Proof: Because abc is an equilateral triangle.

Easy Abe ADC

So adb= bap+ pae=60°

abe=30°，bqa=90°，so

bp=2pq (the edge of the 30° angle is half of the hypotenuse).

The idea is that because ab=ac=bc, abc is an equilateral triangle with three angles of 60°

and ae=cd so abe= adc so

It should be a positive angle bpq = 60 degrees or an angle pbq = 30 degrees.

The intersection point of de and ac is g

Connecting the AD angle DAB is equal to the angle DAF plus the angle 45 degrees.

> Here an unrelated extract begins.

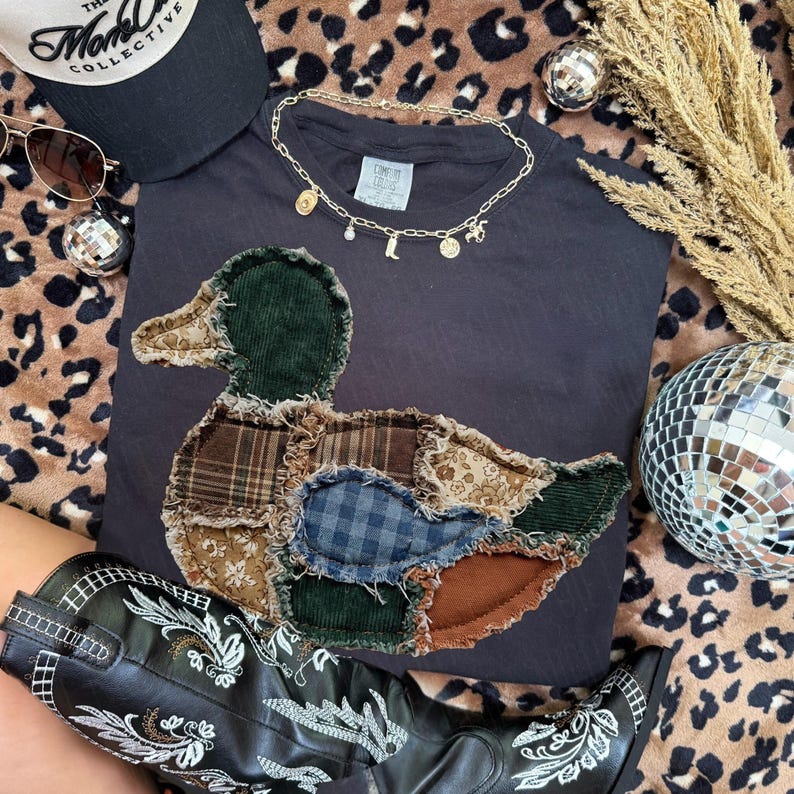 May include: A dark gray t-shirt featuring a large, central duck-shaped appliqu&eacute; made from various fabric patches, including green corduroy, brown plaid, blue gingham, and floral prints with frayed edges. A gold-toned charm necklace rests above.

The angle def plus 45 degrees equals the angle CGD equals the angle ABC

Equal to the angle DEA plus 45 degrees.

Outer angles, inner angles, and theorem.

The midline of the hypotenuse in a right triangle is equal to half of the hypotenuse.

AD is equal to 1/2

BC so the angle DAB is equal to the angle DBA

So the angle DAE is equal to the angle DEA

So AD is equal to DE is equal to 1/2BC

From a and d perpendicular lines to bc, through the triangle congruence theorem, it can be known that abc and bcd are equal, according to the known conditions be=cf, bc edges are common, then abc and bcd are equal, using the triangle congruence theorem (corner edges), bec= cfb can be proved.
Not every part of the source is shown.